Гражданская война, в сущности, явилась столкновением между двумя хорошо вооруженными, но не пользовавшимися популярностью меньшинствами. Но если при рассмотрении периода после 1918 года мы в силу привычки обращаем главное внимание только на конфликт белых и красных, это нельзя считать вполне оправданным. Да, гражданская война была настоящей, в ней принимали участие организованные армии, соперничающие правительства, генеральные штабы; велась она с целью захвата ключевых позиций, центральных городов. Ее ход и сражения в общих чертах всем известны ее значение в представлении всего мира ясно и преисполнено драматизма, все это верно.

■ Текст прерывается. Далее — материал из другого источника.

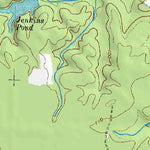 (36077e1) Page 014 Emporia Preview 2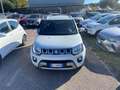 Suzuki Ignis Ignis 1.2 Hybrid CVT Top Weiß - thumbnail 2
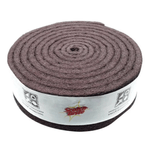 fibra-limpiadora-maquina-10cmx5mt-gris-10000495_1.png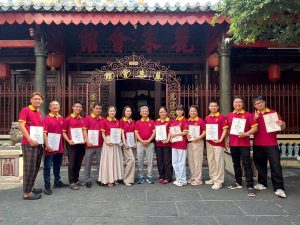 noi-dao-tao-ky-thuat-phan-kim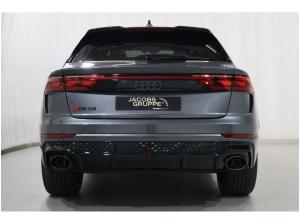 Audi RS Q8 Performance *** SOFORT VERFÜGBAR *** SUMMER DEAL ***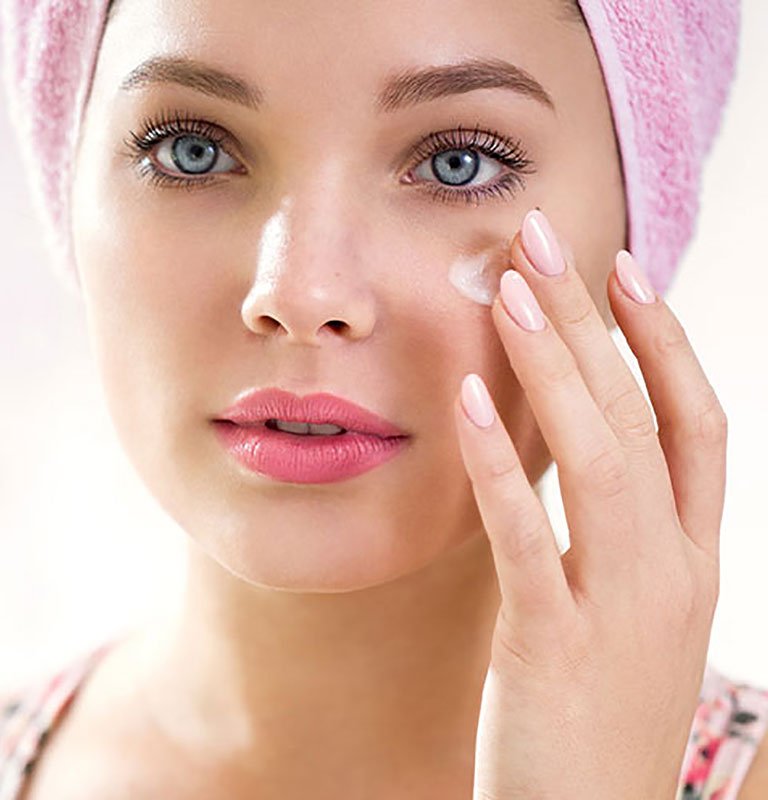 prep_dry_skin_for_spring_lg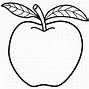 Image result for Mewarnai Apple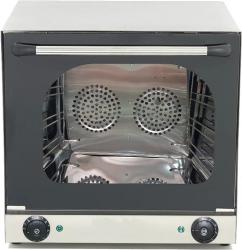 oven_1099ch_891454262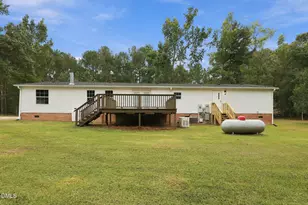 1703 Horseshoe Bend Rd, Erwin, NC 28339 - Photo 29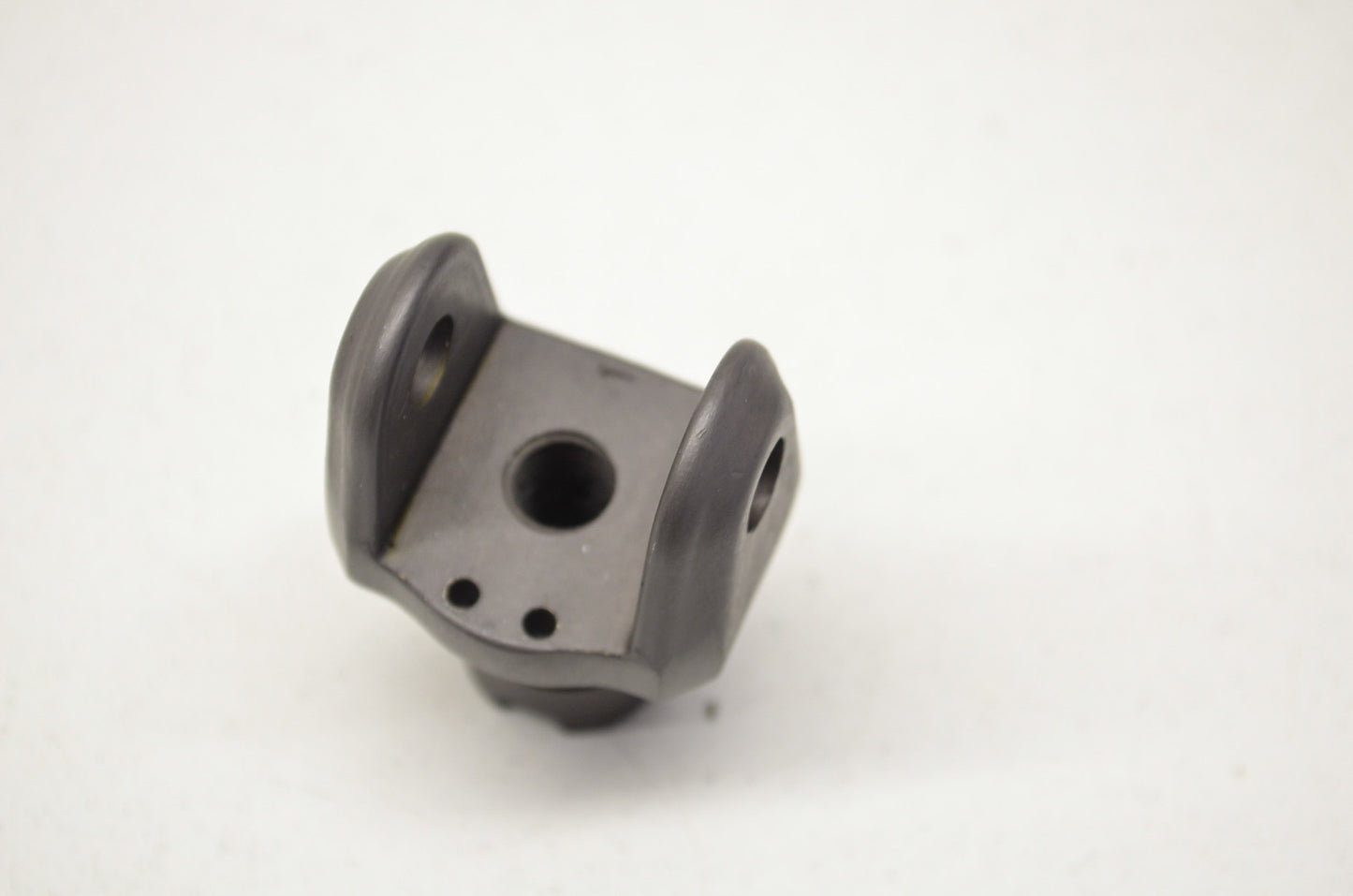 Main Step Bracket NOS
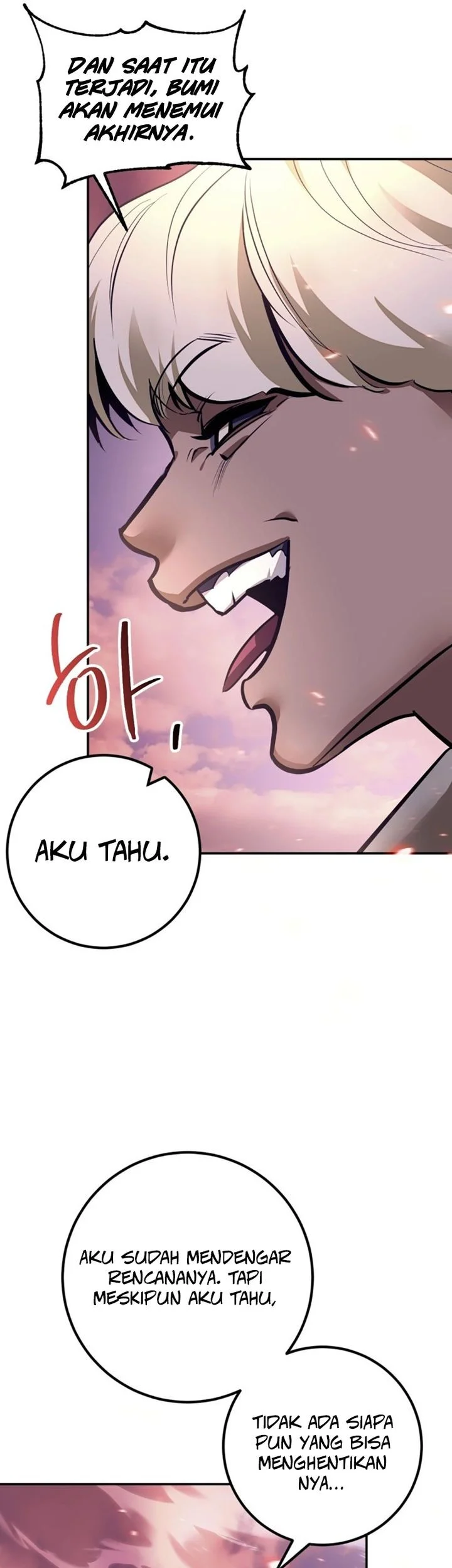 Chapter 226 - halaman 42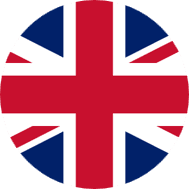 flag of the united kingdom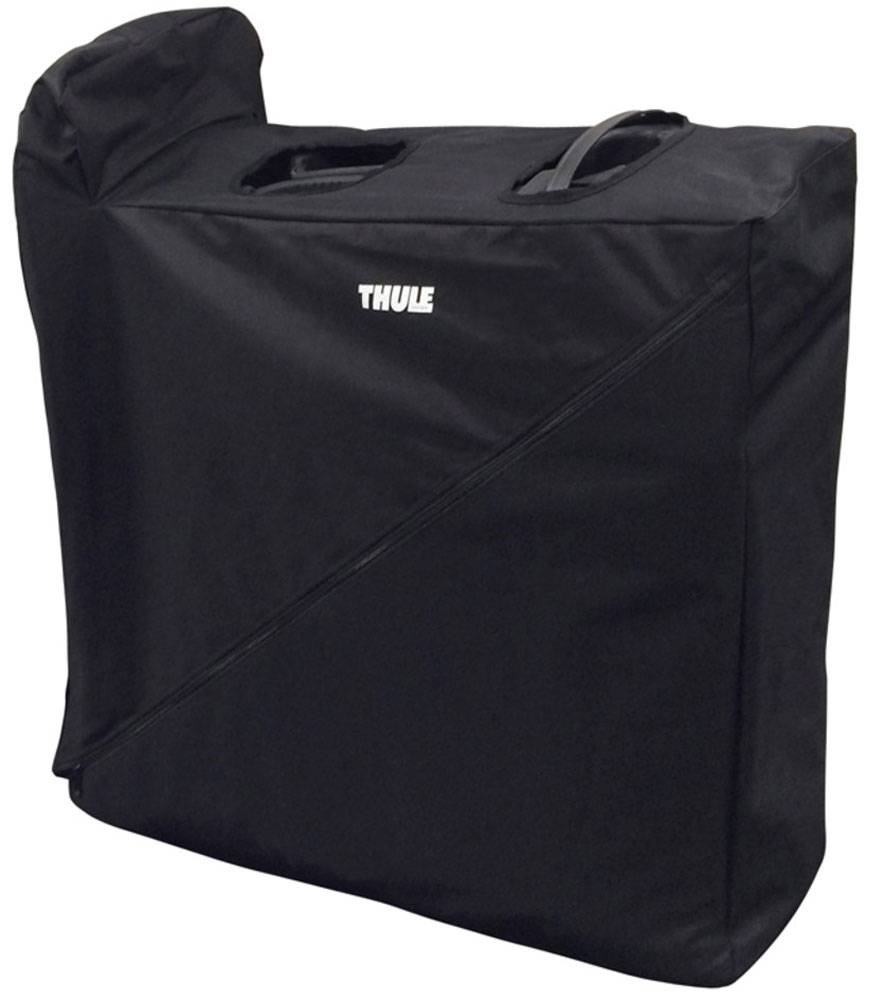Thule_EasyFold-XT-Schutztasche-3bike-934400.jpg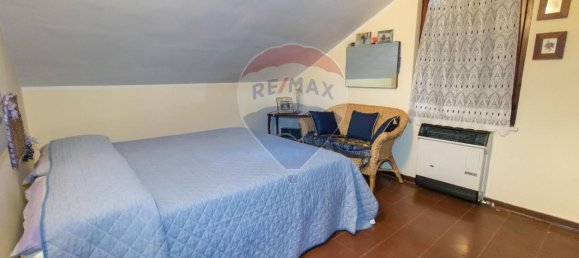 9 rooms House in Sant'Eufemia a Maiella, Italy No. 63615 11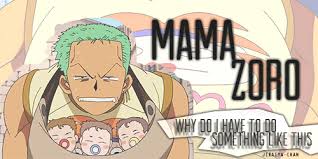 One piece nico robin roronoa zoro franky tony tony chopper brook one piece strawhat pirates monkey anime one piece. Roronoa Zoro Roronoa Zoro Photo 41165630 Fanpop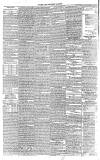Devizes and Wiltshire Gazette Thursday 15 April 1841 Page 2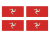 flaga_wyspa man_miniaturka_1.png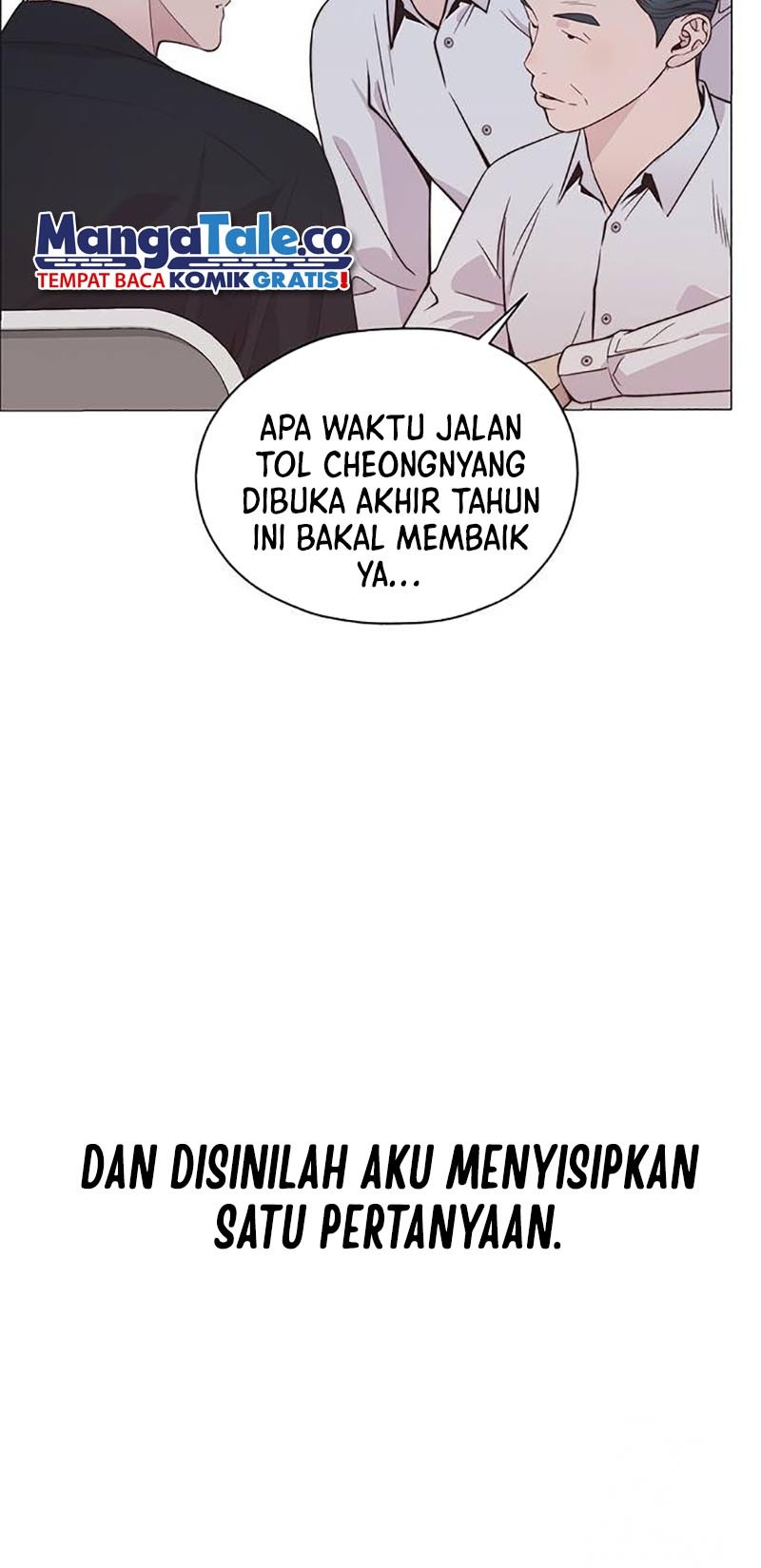 Chapter 184 - halaman 9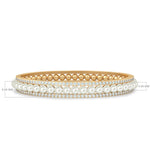 diamond-bangle-celeste-18k-gold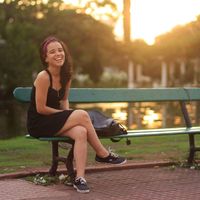 Naty Mejía的照片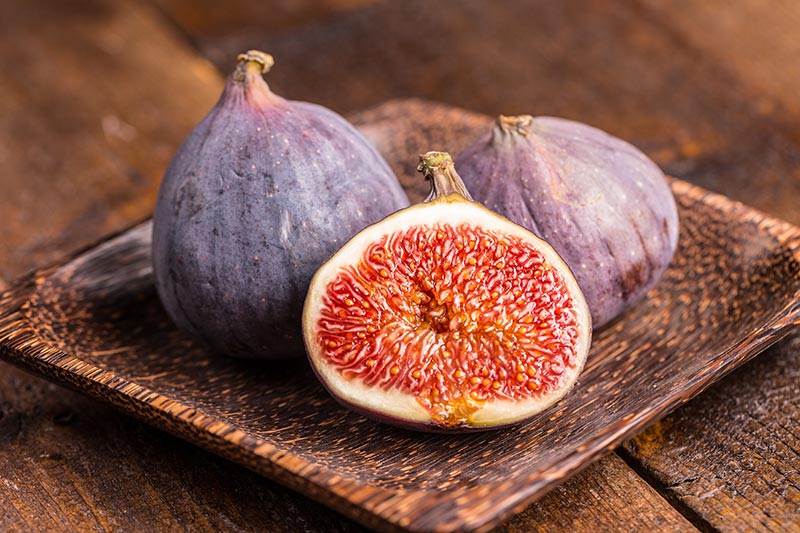 What Are Figs and Are They a Fruit?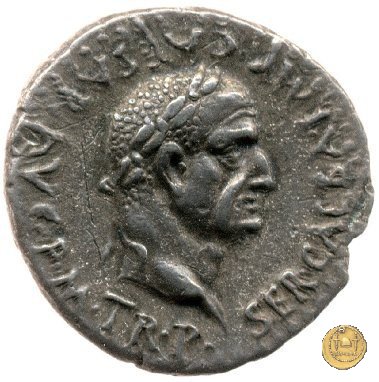 CLM152 68 d.C. (Narbo?)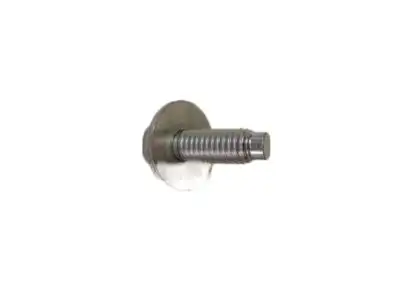 ВИНТ/SCREW 0112107261 NISSAN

Но по масштабу и особенно по количеству жертв ее можно считать менее крупной и менее тяжелой, чем крестьянскую войну 1918–1922 гг., частично совпавшую с ней по времени, но продолжавшуюся еще дольше, В 1921 году, когда белых уже не было, ведущий советский историк так описывал сложившееся положение:
«Центральные районы РСФСР почти полностью окружены мятежниками-крестьянами, от Махно на Днепре и до Антонова на Волге»[32].
Восстания охватили Белоруссию, юго-восточные районы, Сибирь, Карелию, Кавказ и Среднюю Азию[33].
Уже в 1918 году, по официальным данным, в советской республике с июля по ноябрь 1918 года имели место 108 «кулацких мятежей». За весь 1918 год только в 20 районах Центральной России произошло не менее 245 значительных антисоветских бунтов[34], за семь месяцев 1919 года почти на трети территории, захваченной большевиками, зарегистрировано 99 бунтов[35].